A problem here is that game designers seem to think that complex and
rewarding game systems are those that involve the player with the game. The
complex and rewarding game systems that work best are those that involve the
player with other players. People are automatically important to us.
I used to be all about the game itself, thinking that if the content of the
game was sufficiently sophisticated that players would enjoy it all the more
for the lookitthat moments. The current discussion of sophisticated NPCs
that know how to hand out quests and such is an example of that.
The players in the first two standard deviations of the bell curve are
pretty ambivalent about the quests and NPCs. They're playing an MMO so that
in some way, shape or form they will be doing things in relation to other
players. Some want that to be a very direct relationship (grouping), some
want a very indirect one (best gear). But that relationship, not the one
they might have with the NPCs, is the focus of their gaming experience.
So if you're going to have quests and NPCs, do it all such that it gets
players interacting in all the myriad ways that they can. Eliminate grinds
not by presenting players with different interactions with your NPCs, but by
ensuring that players are experiencing varied interactions with each other.
Get THEM interacting, not your NPCs.
> I too would love a deeper, more engaging world, but I fear such a thing
> will always be doomed to obscurity, simply because most people would
> not be willing to put in the extra effort required to access the content.
Right. Because the purpose of these games is to provide a break from putting
extra effort into things.

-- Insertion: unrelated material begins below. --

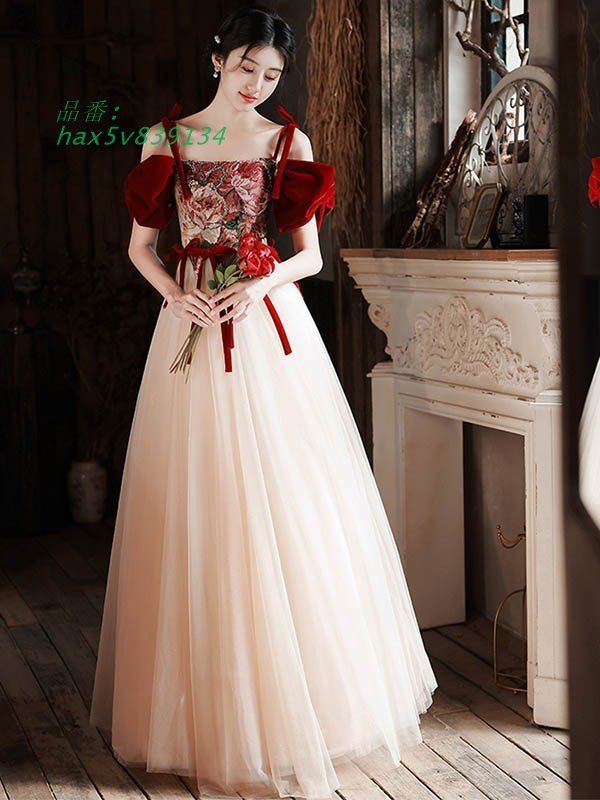 ロングドレス 2WAYS 大人 ピアノ 発表会 演奏会 ワンピース ドレス 結婚式 パーティードレス 披露宴 花嫁 母親 ワインレッド hax5v839134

The only people who will put extra effort into
your game are the ones who have a definite surplus of effort. That may be
due to a driven life, or simply a lack of opportunity elsewhere to expend
themselves productively.
Players are shallow because even the ones that are truly deep will spend
their deep time elsewhere. How many deep people will focus their energies
on playing a game? We don't really. We spend them designing the things.